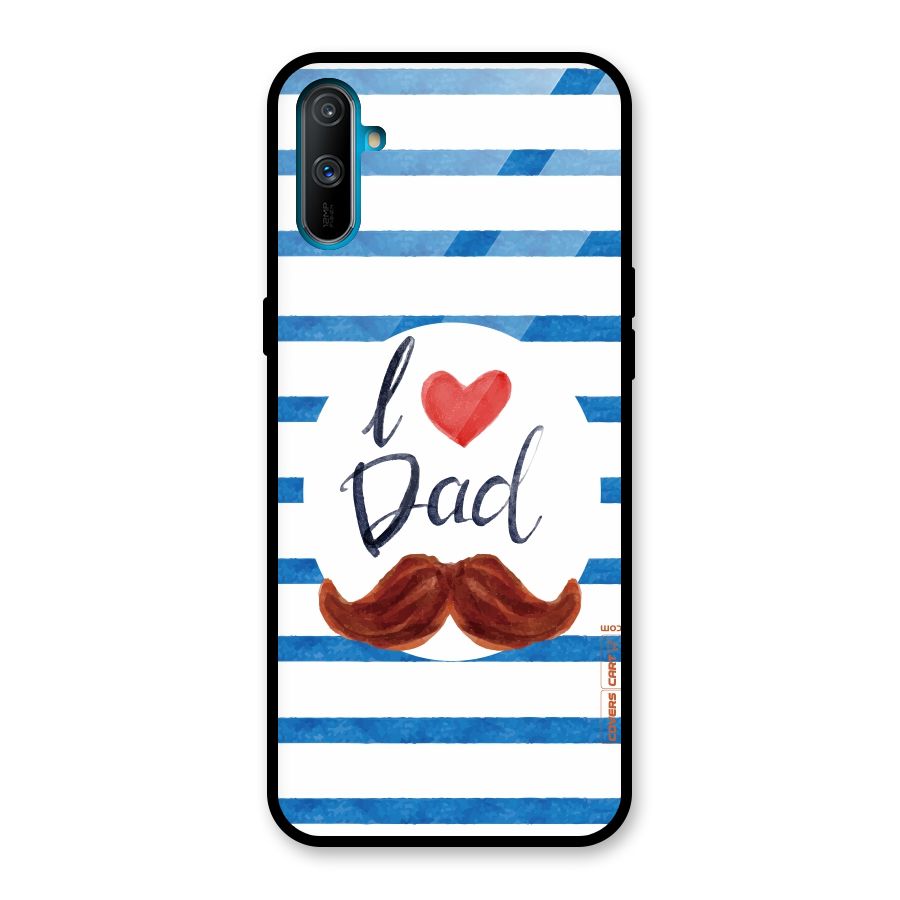 I Love Dad Glass Back Case for Realme C3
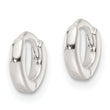 Sterling Silver Polished 8.2x1.6mm Round Hinged Hoop Earrings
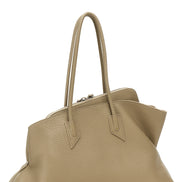 The Attico Beige Calfskin Shoulder Bag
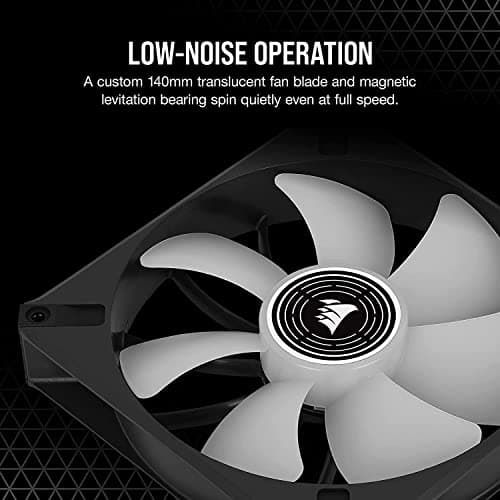 Corsair ML140 120mm LED White PWM ELITE Premium 82.9 CFM Black image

┄┄┄┄┄┄┄┄┄┄

Retype the data above in full, exactly as it stands, and skip any image.

 I Love Dad Glass Back Case for Realme C3
 Sterling Silver Polished 8.2x1.6mm Round Hinged Hoop Earrings
 The Attico Beige Calfskin Shoulder Bag
 Corsair ML140 120mm LED White PWM ELITE Premium 82.9 CFM Black image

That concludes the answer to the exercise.